# Antec Warranty Extension Campaign for  Select Products(PSUs)



## rijinpk1 (Dec 25, 2013)

Antec is conducting a Warranty Extension Campaign for Select Products(PSUs) from 1st July 2013 to 30th April 2014.

from the official website,


> 1. Once you purchase any one of the eligible products, kindly register the product and upload the scanned copy of the invoice of the product.
> The product models eligible and warranty details for this campaign are as below:
> BP series - BP300P/BP400PX – 2 + 1 ( 2 years default and 1 year additional warranty)
> VP Series - VP450P/VP550P/VP650P – 2 + 2 ( 2 years default and 2 year additional warranty)
> ...



This is a great move by Antec and will attract potential buyers. there are rules to follow. 


> Terms and Conditions
> 
> 1. This offer is valid only from 1st July 2013 to 30th April 2014 on select products as mentioned above. Any purchases
> made before or after the requisite dates aren’t eligible for this offer.
> ...



here is the source Antec - Support

anyhow, even it says that registration must be done within 14 days of purchase, try your luck if you haven't applied yet.Because i got my warranty extended for my 9 months old product.


----------



## ASHISH65 (Dec 25, 2013)

Good move by antec


----------



## rijinpk1 (Dec 25, 2013)

ASHISH65 said:


> Good move by antec



definitely it is. would be a welcome for antec select psu owners


----------



## bssunilreddy (Dec 25, 2013)

Welcome move by Antec.


----------



## ASHISH65 (Dec 25, 2013)

Does anyone know who handles RMA of antec products in india ?


----------



## rijinpk1 (Dec 25, 2013)

ASHISH65 said:


> Does anyone know who handles RMA of antec products in india ?

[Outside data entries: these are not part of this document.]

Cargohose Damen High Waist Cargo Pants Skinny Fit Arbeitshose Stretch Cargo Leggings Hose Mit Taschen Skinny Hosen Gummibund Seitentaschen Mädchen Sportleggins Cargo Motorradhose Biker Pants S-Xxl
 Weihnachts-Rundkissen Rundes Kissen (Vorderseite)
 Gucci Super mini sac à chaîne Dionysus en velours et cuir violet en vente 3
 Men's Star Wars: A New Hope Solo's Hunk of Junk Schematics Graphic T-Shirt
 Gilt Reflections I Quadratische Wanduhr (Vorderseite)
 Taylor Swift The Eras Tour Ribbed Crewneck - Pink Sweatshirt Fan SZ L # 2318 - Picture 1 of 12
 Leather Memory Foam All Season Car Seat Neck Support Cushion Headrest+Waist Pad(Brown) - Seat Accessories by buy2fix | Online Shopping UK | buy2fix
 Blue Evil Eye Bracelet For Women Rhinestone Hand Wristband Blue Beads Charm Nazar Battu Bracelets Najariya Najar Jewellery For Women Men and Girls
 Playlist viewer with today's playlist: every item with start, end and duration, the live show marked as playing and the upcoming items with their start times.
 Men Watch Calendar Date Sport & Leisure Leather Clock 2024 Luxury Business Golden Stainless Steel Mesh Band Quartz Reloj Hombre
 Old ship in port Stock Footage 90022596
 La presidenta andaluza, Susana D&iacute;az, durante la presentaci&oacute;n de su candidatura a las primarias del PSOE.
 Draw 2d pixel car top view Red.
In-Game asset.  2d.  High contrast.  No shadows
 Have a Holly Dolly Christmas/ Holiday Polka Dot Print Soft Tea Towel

Here is what antec website says


> If your product needs to be returned within the warranty period, please do so through the retailer or distributor from whom you purchased the product.


----------



## harshilsharma63 (Dec 25, 2013)

^ And what if you purchased online?


----------



## rijinpk1 (Dec 25, 2013)

harshilsharma63 said:


> ^ And what if you purchased online?



there e-mail support is there. that is what helped me to get extended warranty for my 9 months old product .


----------



## saswat23 (Dec 25, 2013)

They should make that extension permanent.


----------



## The Sorcerer (Dec 25, 2013)

There was a time when we had VX series from Corsair? It had 5 years warranty no questions asked no registrations needed. Coolermaster GX Series is 5 years by default. There's going to one more series? I think its GM? Seasonic S12II 430 is also 5 years warranty???? Antec should rather release the newer units WITH 5 years warranty by default. I really don't think its a good thing, its nothing new. Its annoying that you have to register to get something that Corsair, CM and Seasonic gives by default. Just keep an eye on Antec pricing, just in case. Its a typical case of taking 1/3rd part of the food that you paid for and giving it back, saying that you're giving it "for free". What's there to scrutinize? What if distributors take a backflip? Before they hooked up with abacus and dozens of sub distris, they used to hope from one distributor to another. So if you're buying Antec, buy from shops which will take care of the rma on your behalf: like Prime ABGB, maybe SMC and IT Depot. 

But before Antec India was on good terms with me and cried about their 2011 model case which they called it as 'flagship' during 2013, they assured that it will be a replacement- not repair. If Antec India is true to their word, I think its good especially keeping BP300P and their 400w unit in mind, but they should consider implementing it by default. Most of the buyers aren't in the forum or some facebook page to keep a track on things. 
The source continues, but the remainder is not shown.